I am reading a text book and it says that in the equations to change degrees Fahrenheit to degrees Celsius and in the opposite equation:

F = (9/5)(C)+32

C = (5/9)(F-32)

that 9/5 is a rational number and 5/9 is an irrational number.

I don't understand because the definition of rational numbers is numbers that have the form a/b.




The answer:

Let’s start with your definition of a rational number:

A rational number is a number which can be written as a fraction a/b.

You are correct.

Have you ever noticed that the first 5 letters of the word rational spell the word RATIO. We use ratios in everyday life all the time. For example, one person might say a car gets 25 miles per gallon. This is the ratio 25:1, or the fraction 25/1. Another person might say that to mix cookie batter add 1 cup of water for every 3 cups of flour. This is the ratio 1:3, or the fraction 1/3.

Both of your numbers (9/5 and 5/9) are rational numbers because they can be written as a fraction.

What is probably bothering you is the number 5/9 = 0.5555555…

The decimal equivalent of 5/9 is a repeating decimal, but it is still a rational number. The pattern .5555… repeats itself.


An IRRATIONAL NUMBER, on the other hand cannot be written as a fraction. The decimal value of an irrational number does not have a pattern which repeats itself.


An example of an irrational number is the square root of 2.
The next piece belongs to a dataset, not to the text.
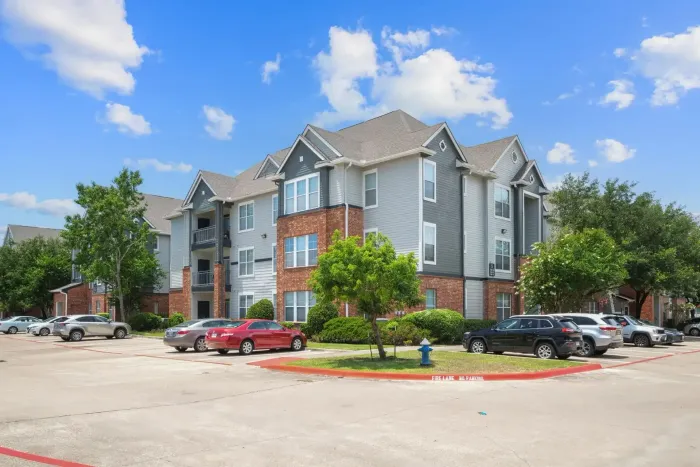 Apartment complex exterior, gray siding, brick accents, parked cars in lot, blue sky.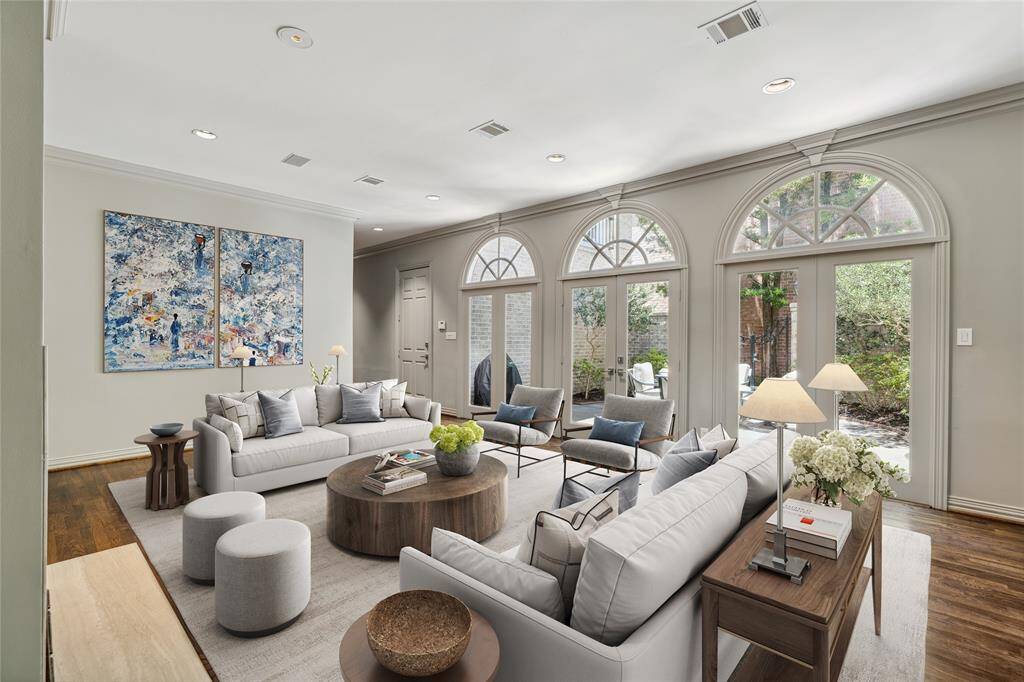 A view of the Family Room toward the double French doors.  The closed door is access to the attached 2-car garage.  Note the crown molding, recessed lighting and floor plugs (out of view).  The fireplace includes a marble hearth. This photo is virtually staged to show one possible configuration of furniture.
The square root of 2 = 1. 4142135623 7309504880 1688724209 6980785696 7187537694 8073176679 7379907324 7846210703 8850387534 3276415727 3501384623 and so on. The numbers do not appear in a pattern which repeats itself, no matter how many decimal places are computed.


One way to remember the difference between the decimal equivalent of a rational number and the decimal equivalent of an irrational number is:

The decimal equivalent of a rational number will terminate, or have a repeating pattern.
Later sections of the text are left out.